After locating the line that contains "Women Blouses |", quote it and all lines after it through the end of the entries, and nothing more. Pictures stay out.
##### Source material
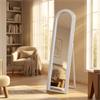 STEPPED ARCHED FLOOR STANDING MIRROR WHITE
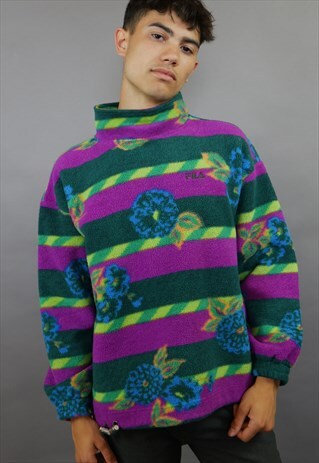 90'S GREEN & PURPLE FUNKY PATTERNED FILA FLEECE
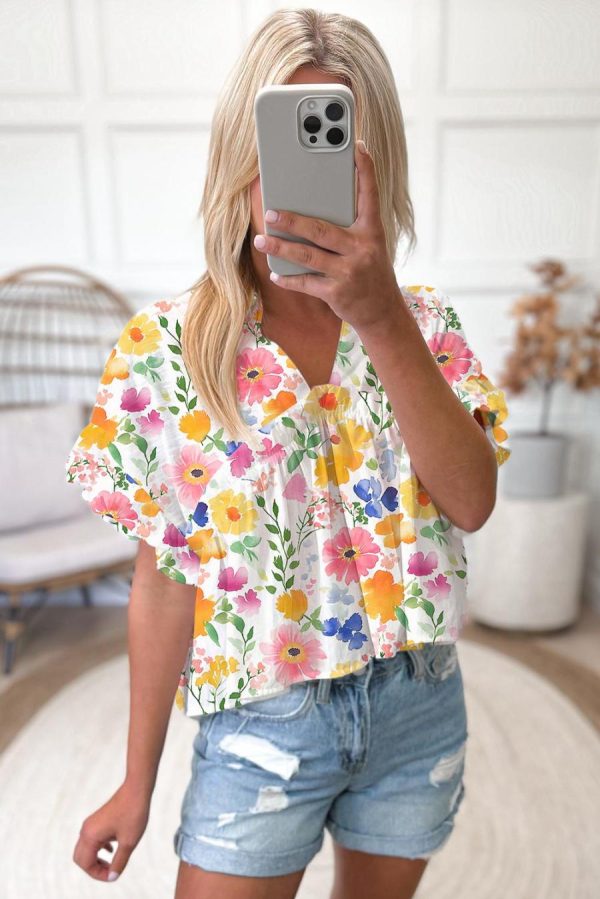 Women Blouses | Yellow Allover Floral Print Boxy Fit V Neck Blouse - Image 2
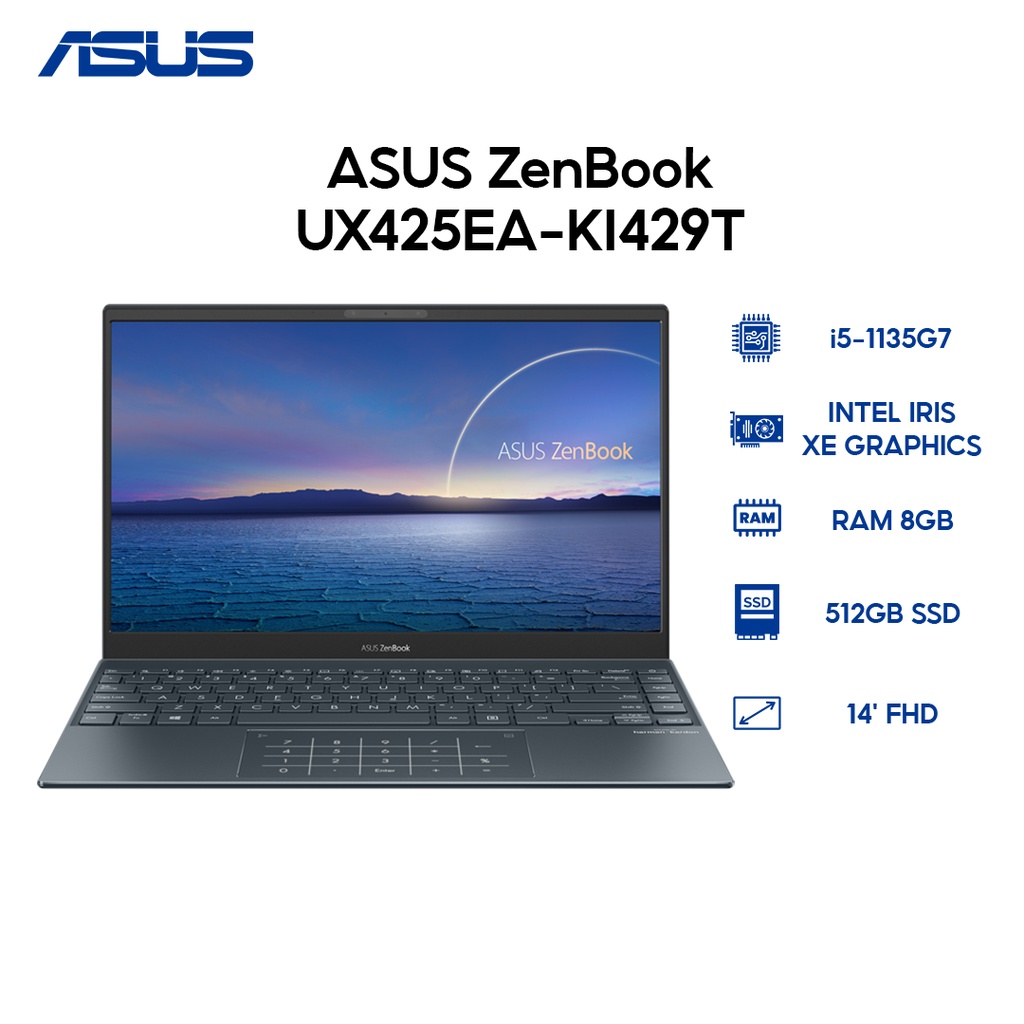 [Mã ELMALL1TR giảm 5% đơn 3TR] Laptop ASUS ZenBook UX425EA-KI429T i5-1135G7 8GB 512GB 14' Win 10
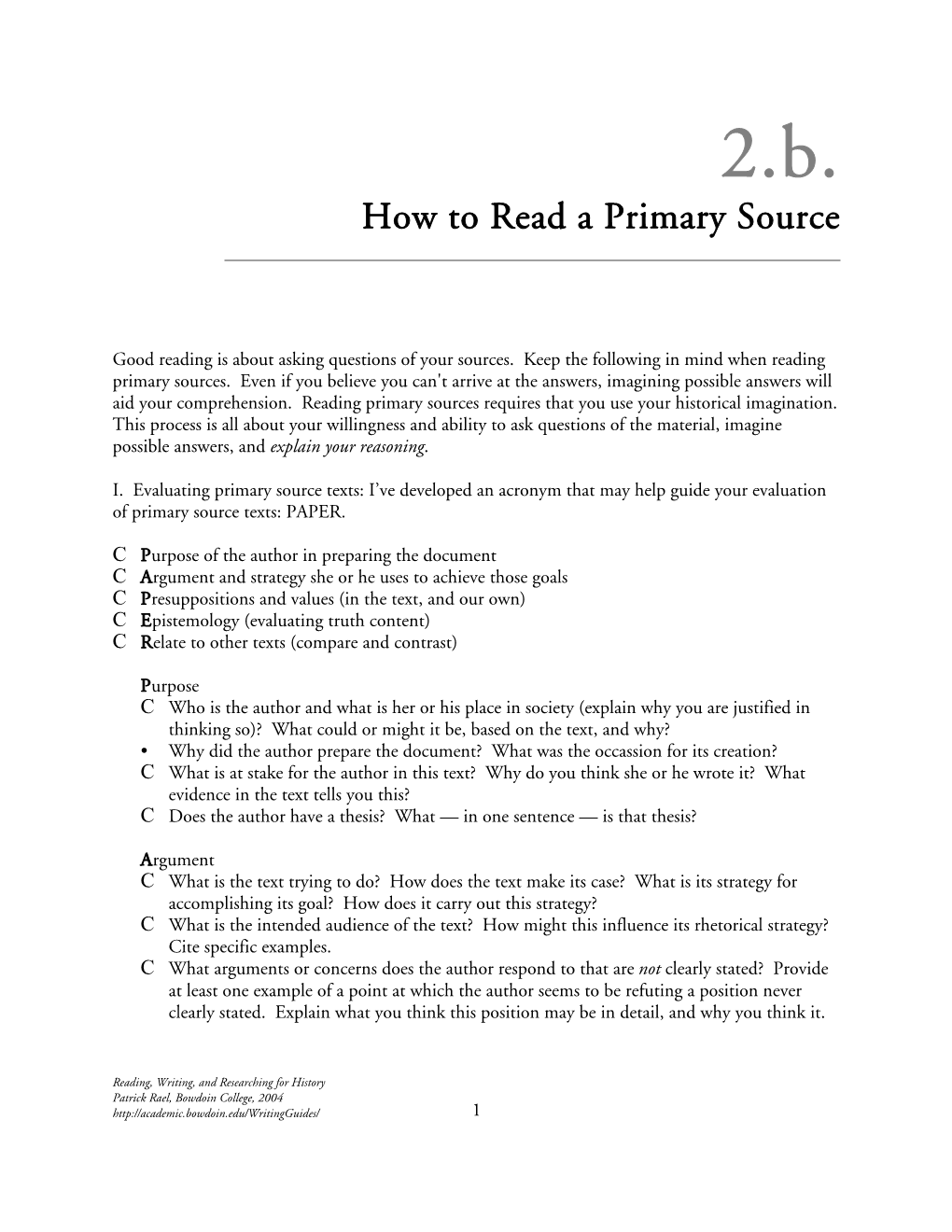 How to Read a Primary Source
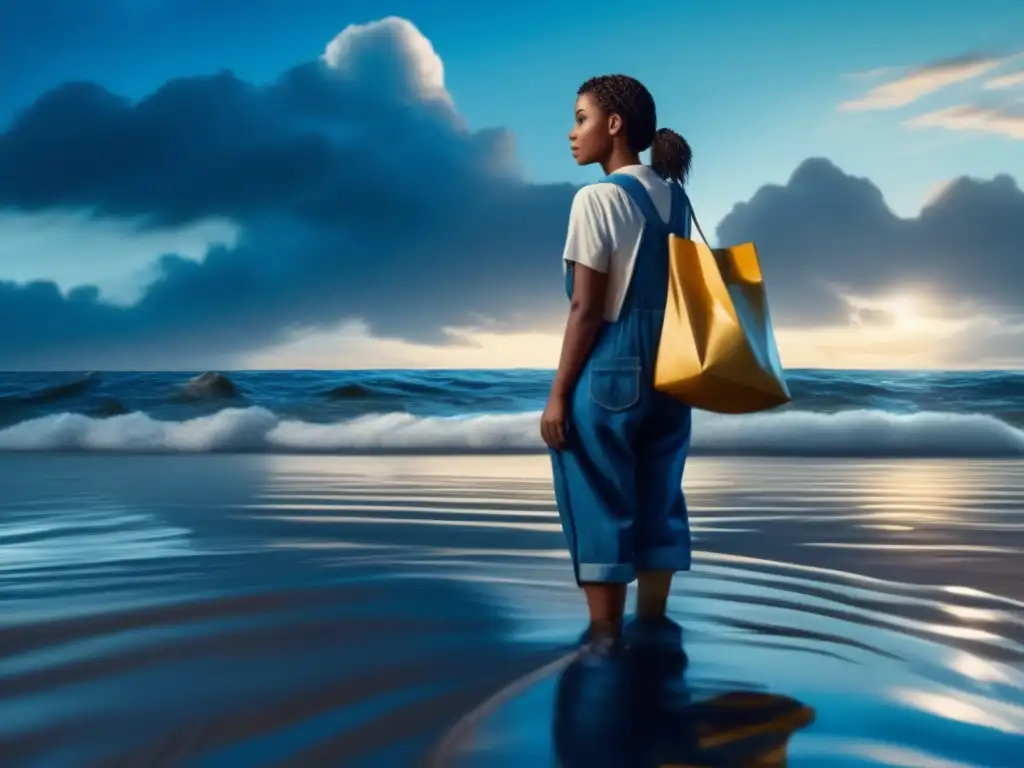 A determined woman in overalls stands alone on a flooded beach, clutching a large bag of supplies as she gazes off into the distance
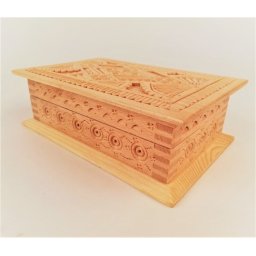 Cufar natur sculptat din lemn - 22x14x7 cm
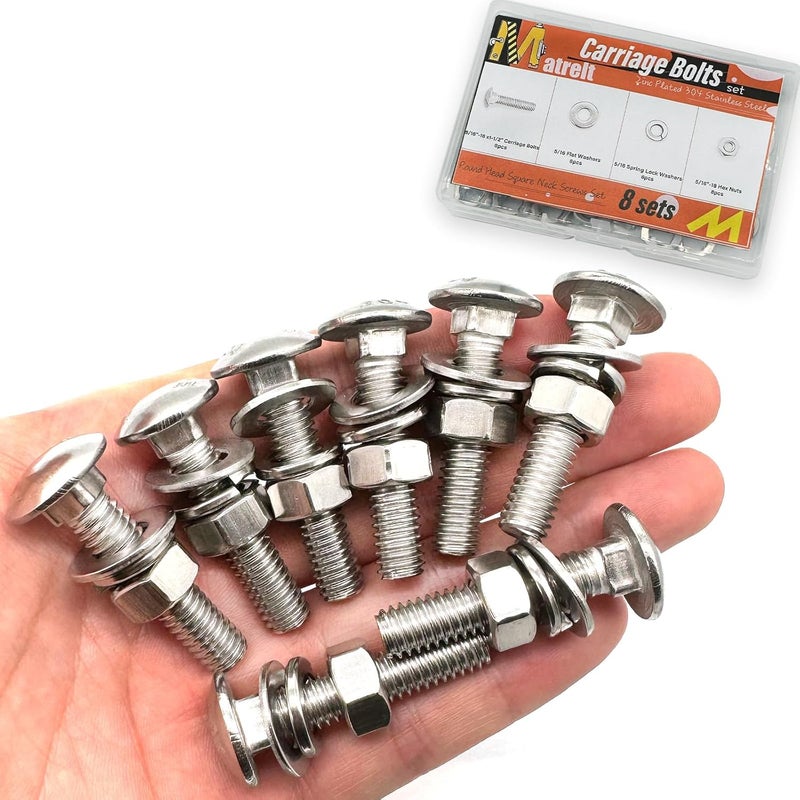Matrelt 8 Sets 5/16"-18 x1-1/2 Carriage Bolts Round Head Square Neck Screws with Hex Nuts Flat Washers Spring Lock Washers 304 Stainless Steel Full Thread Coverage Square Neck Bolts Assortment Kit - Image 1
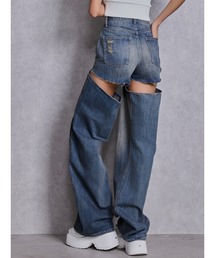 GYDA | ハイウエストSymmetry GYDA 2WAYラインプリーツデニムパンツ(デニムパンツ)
##########
=== Answer to the exercise ===
 Women Blouses | Yellow Allover Floral Print Boxy Fit V Neck Blouse - Image 2
 [Mã ELMALL1TR giảm 5% đơn 3TR] Laptop ASUS ZenBook UX425EA-KI429T i5-1135G7 8GB 512GB 14' Win 10
 How to Read a Primary Source
 A determined woman in overalls stands alone on a flooded beach, clutching a large bag of supplies as she gazes off into the distance
 Cufar natur sculptat din lemn - 22x14x7 cm
Matrelt 8 Sets 5/16"-18 x1-1/2 Carriage Bolts Round Head Square Neck Screws with Hex Nuts Flat Washers Spring Lock Washers 304 Stainless Steel Full Thread Coverage Square Neck Bolts Assortment Kit - Image 1
 GYDA | ハイウエストSymmetry GYDA 2WAYラインプリーツデニムパンツ(デニムパンツ)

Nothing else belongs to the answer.